SOURCE MATERIAL>
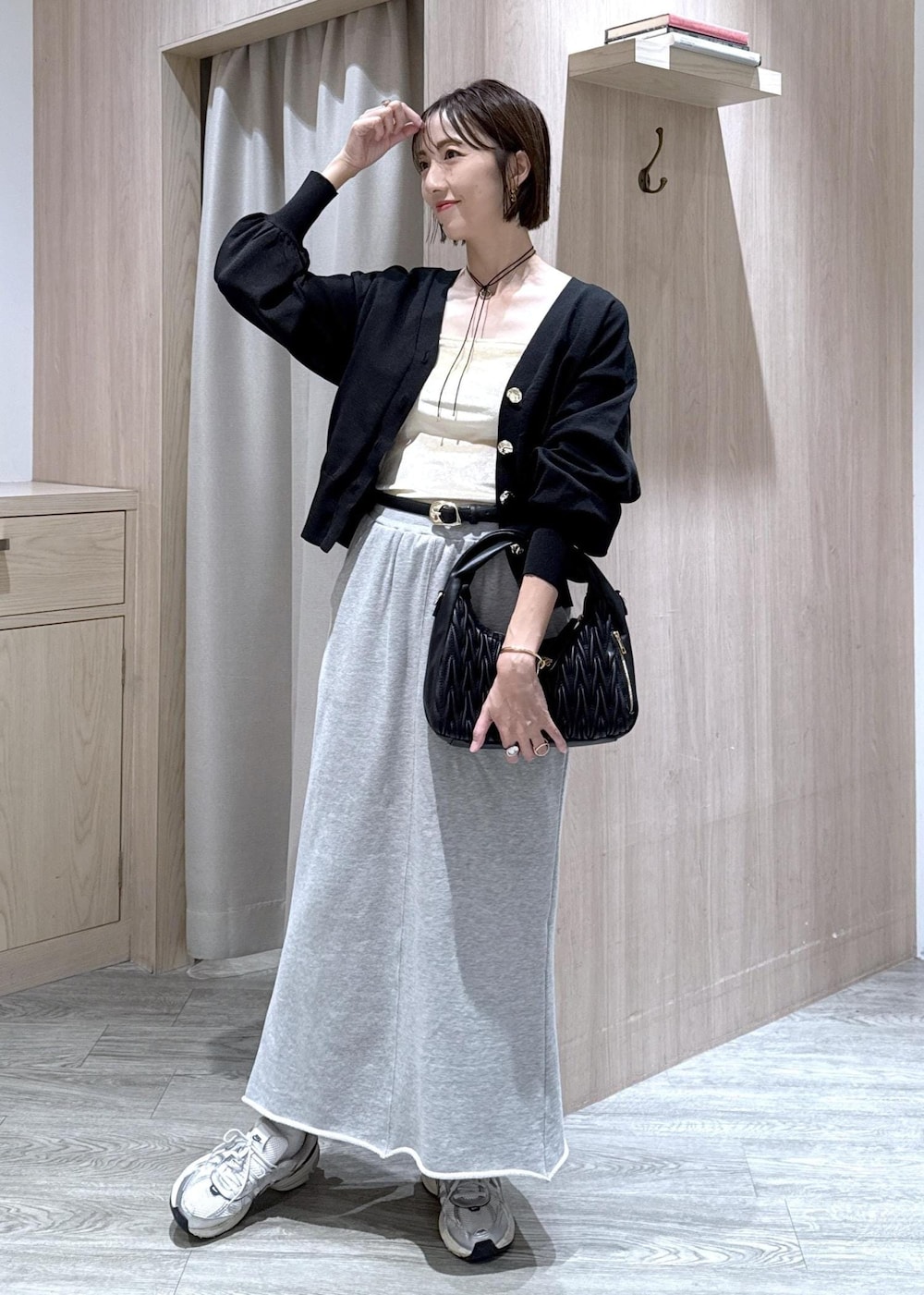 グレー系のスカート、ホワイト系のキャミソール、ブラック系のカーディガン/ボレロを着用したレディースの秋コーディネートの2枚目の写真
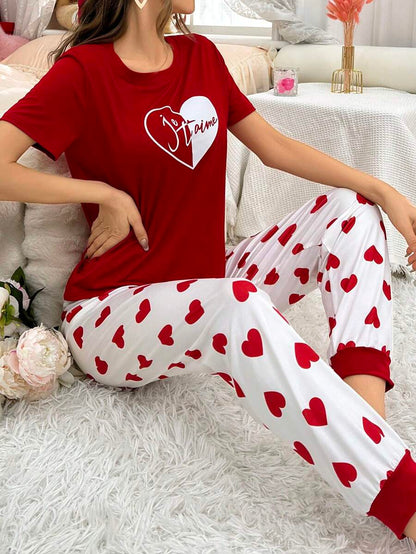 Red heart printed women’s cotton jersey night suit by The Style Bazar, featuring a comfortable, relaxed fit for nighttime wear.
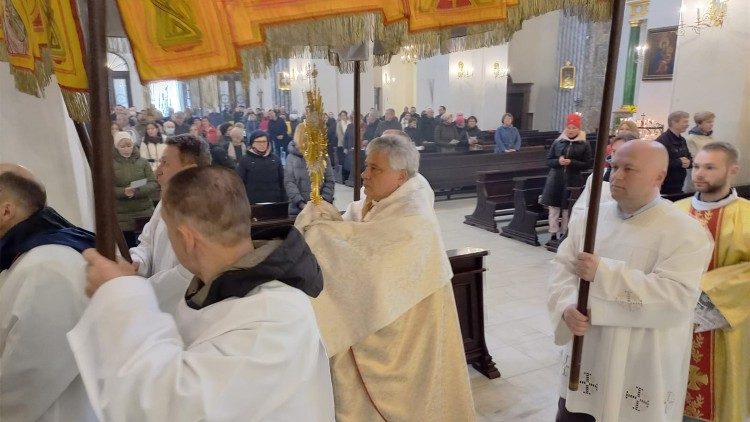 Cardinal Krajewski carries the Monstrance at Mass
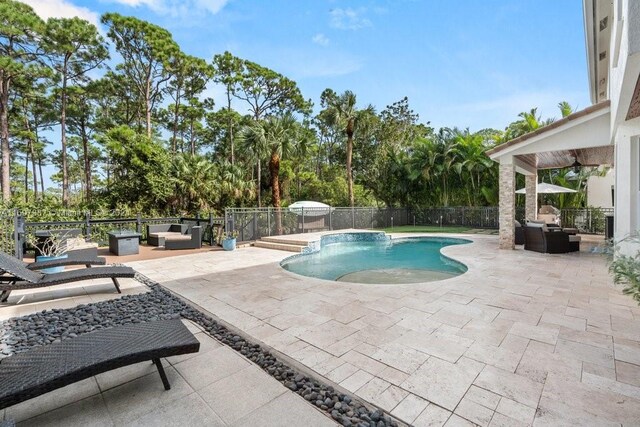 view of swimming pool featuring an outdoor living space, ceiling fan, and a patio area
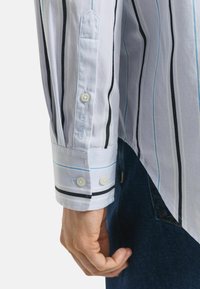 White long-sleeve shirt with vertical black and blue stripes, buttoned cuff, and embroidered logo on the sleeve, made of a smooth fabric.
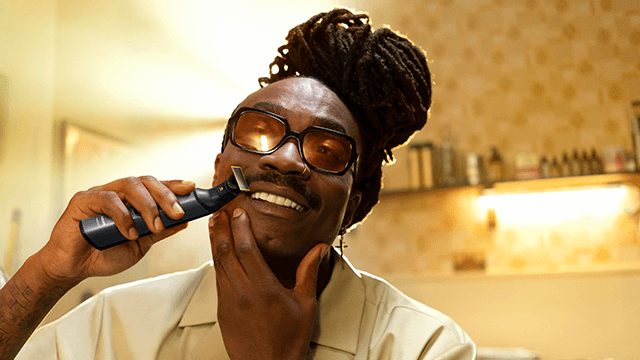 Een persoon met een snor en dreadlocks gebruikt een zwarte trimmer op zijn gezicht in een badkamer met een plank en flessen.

--

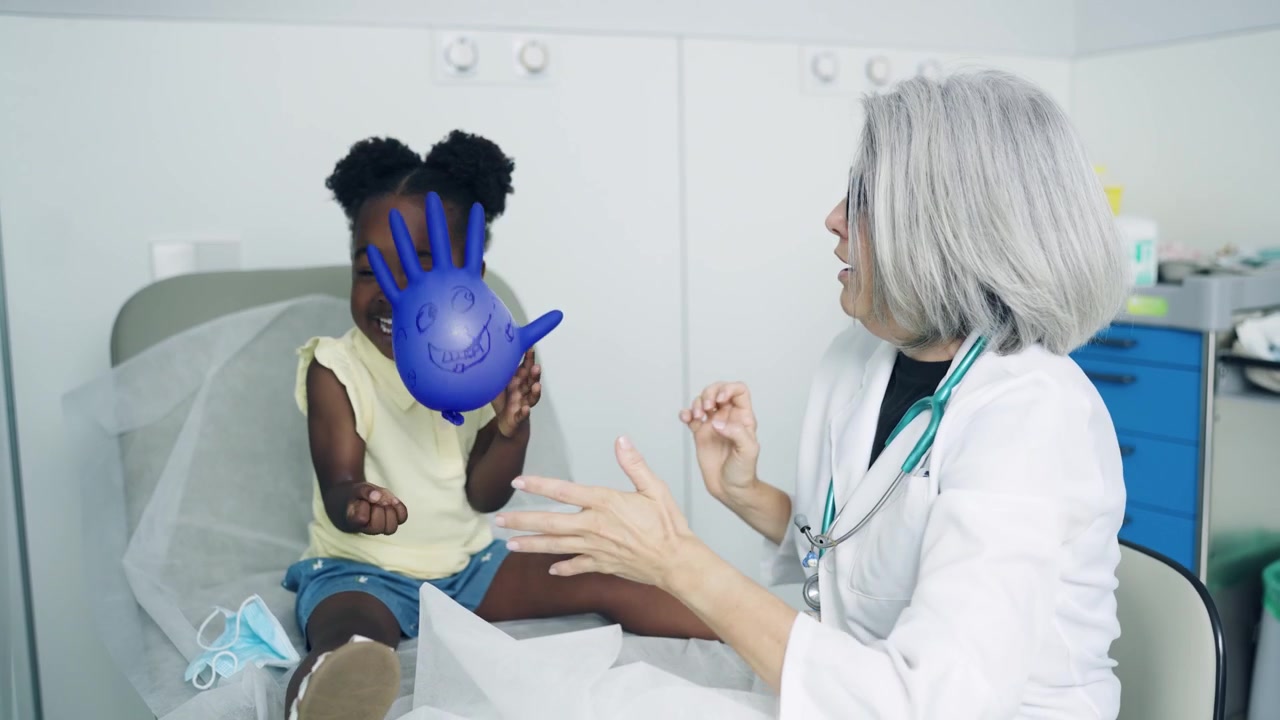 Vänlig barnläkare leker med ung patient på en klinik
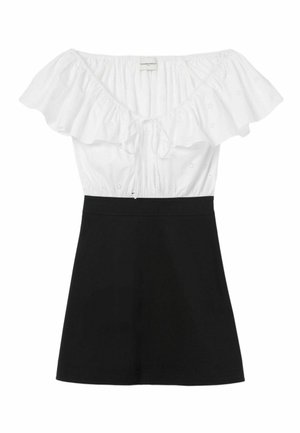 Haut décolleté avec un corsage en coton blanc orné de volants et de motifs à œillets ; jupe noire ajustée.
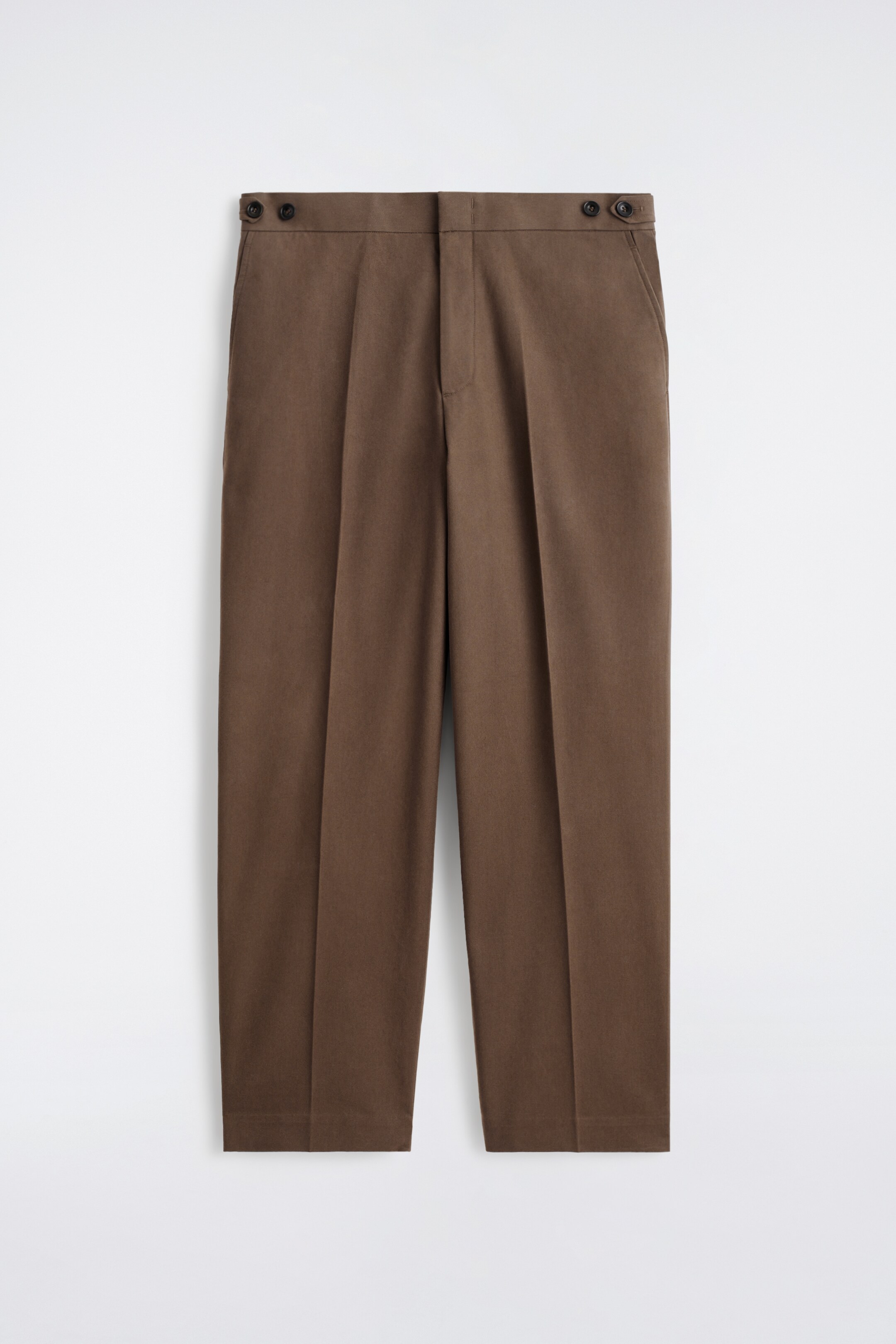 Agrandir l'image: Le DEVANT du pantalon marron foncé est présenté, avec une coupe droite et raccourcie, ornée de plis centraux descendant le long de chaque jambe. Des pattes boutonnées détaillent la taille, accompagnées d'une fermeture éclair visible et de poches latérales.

WHAT YOU ARE ASKED TO DO> Look above for the line with "グレー系のスカート、ホワイト" and the line with "Een persoon met". Copy them and every line between, exactly, but no pictures.

EXERCISE RESPONSE>
 グレー系のスカート、ホワイト系のキャミソール、ブラック系のカーディガン/ボレロを着用したレディースの秋コーディネートの2枚目の写真
 Red heart printed women’s cotton jersey night suit by The Style Bazar, featuring a comfortable, relaxed fit for nighttime wear.
 Cardinal Krajewski carries the Monstrance at Mass
 view of swimming pool featuring an outdoor living space, ceiling fan, and a patio area
 White long-sleeve shirt with vertical black and blue stripes, buttoned cuff, and embroidered logo on the sleeve, made of a smooth fabric.
 Een persoon met een snor en dreadlocks gebruikt een zwarte trimmer op zijn gezicht in een badkamer met een plank en flessen.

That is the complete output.